Entering edit mode
6.1 years ago
rshoobs
▴
10
Hi all! I recently performed some imputation using the sanger imnputation service. While I was parsing the data I noticed that some of the SNP IDs it outputs are filled with a period '.' rather than an actual ID.
for reference the output looks somewhat like this
##header info
##header info
#CHROM POS ID REF ALT QUAL FILTER INFO FORMAT SAMPLE_ID1 ...

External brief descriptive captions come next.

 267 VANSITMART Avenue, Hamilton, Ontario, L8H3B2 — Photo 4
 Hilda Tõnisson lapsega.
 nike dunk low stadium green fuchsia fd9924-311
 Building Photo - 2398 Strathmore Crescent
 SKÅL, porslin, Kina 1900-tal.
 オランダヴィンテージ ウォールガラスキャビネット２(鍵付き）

10 235413 rs2448371 G A . PASS RefPanelAF=0.665456;AN=154;AC=95;INFO=0.995195 GT:AD
10 235386 . G A . PASS RefPanelAF=0.000302663;AN=154;AC=0;INFO=1 GT:ADS:DS:GP ...

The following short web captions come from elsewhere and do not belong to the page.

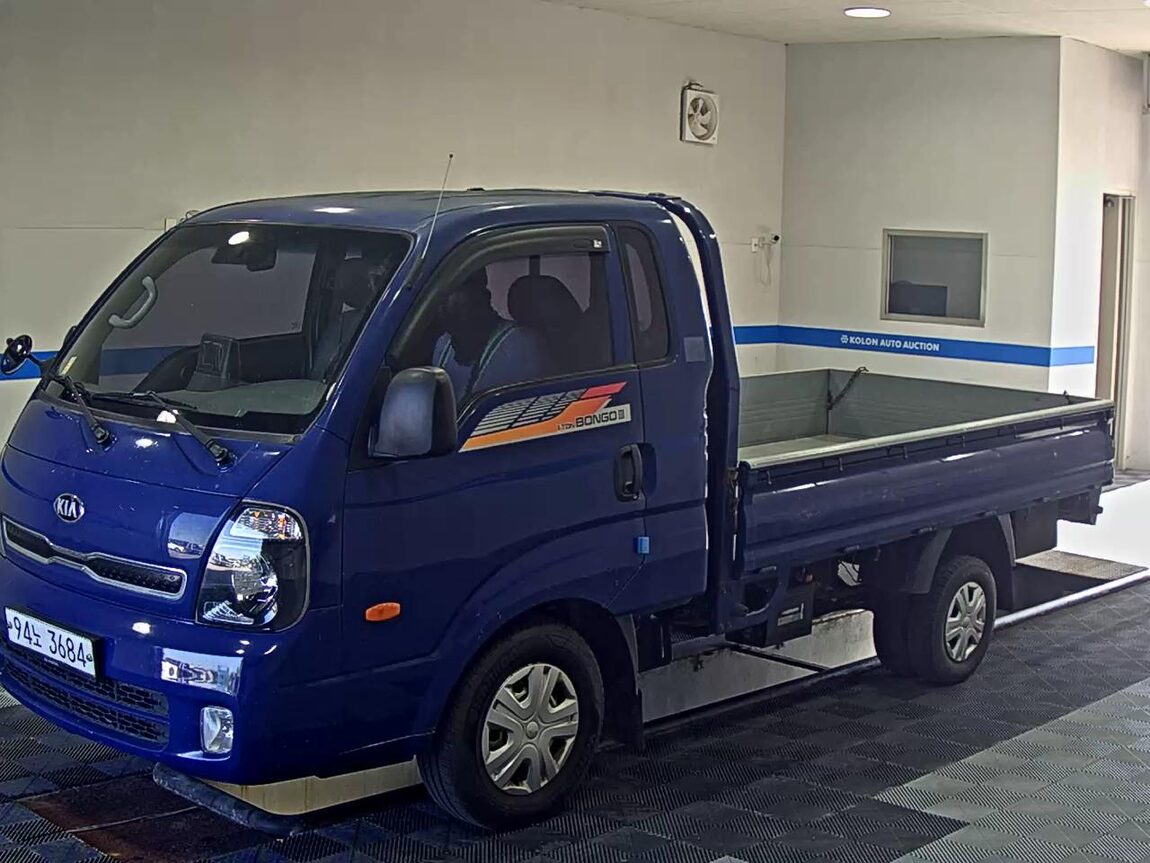 KIA BONGO III CARGO CRDi KING CAB EXTRA LONG WHEELBASE 2019 - zdjęcie 2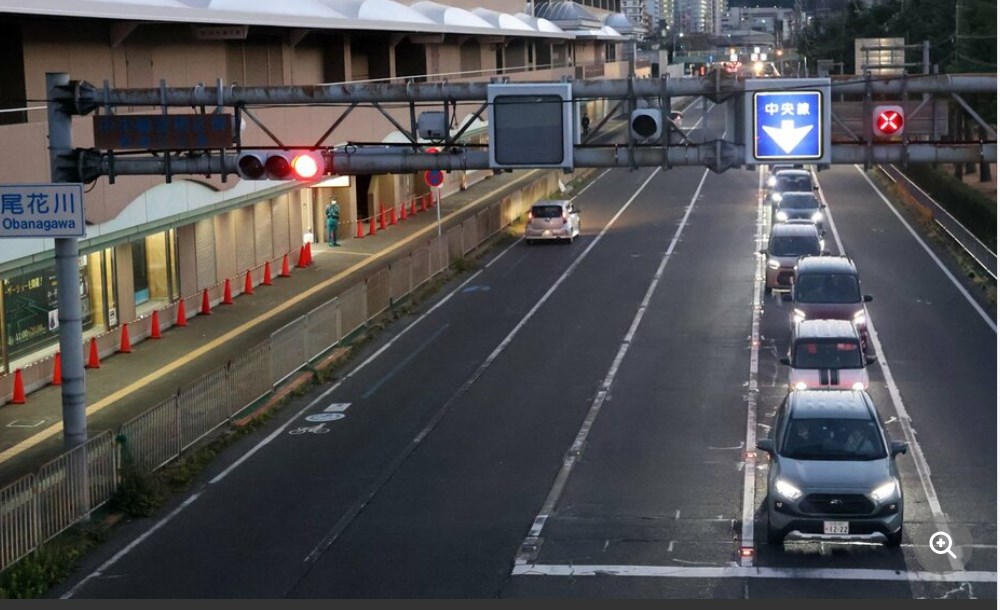 【滋賀】世にも珍しい「動くセンターライン」に「怖い」の声　走る方向が時間帯で逆転　渋滞緩和目的も「通りたくない」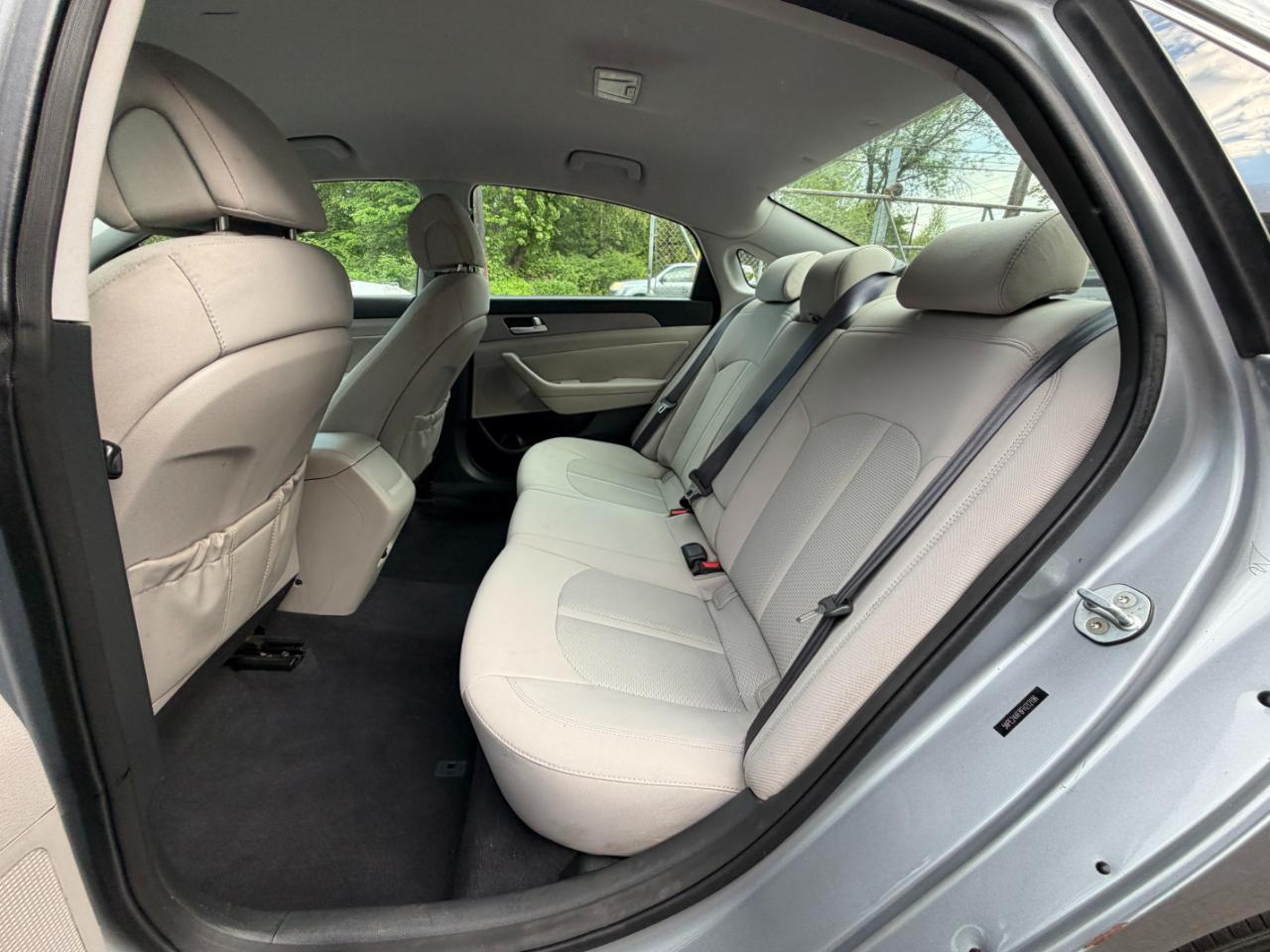 Hyundai Sonata SE 2015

10 235434 rs549315358 T A . PASS RefPanelAF=0.000403551;AN=154;AC=0;INFO=1 GT:AD ...
10 235475 rs559476434 T C . PASS RefPanelAF=0.000100888;AN=154;AC=0;INFO=1 GT:AD ...
10 235494 rs528633330 T A . PASS RefPanelAF=0.000100888;AN=154;AC=0;INFO=1 GT:AD ...
10 235511 . T C . PASS RefPanelAF=0.000100888;AN=154;AC=0;INFO=1 GT:ADS:DS:GP ...
...
I just want to highlight that some of the IDs are unfilled. To fix I was just planning on assigning any empty ID with one based on CHR:POS. However I am wondering why sanger left these IDs as empty and if they signify any problems with the data/outputs. I am planing to run MatrixEQTL on this data downstream if that is relevant.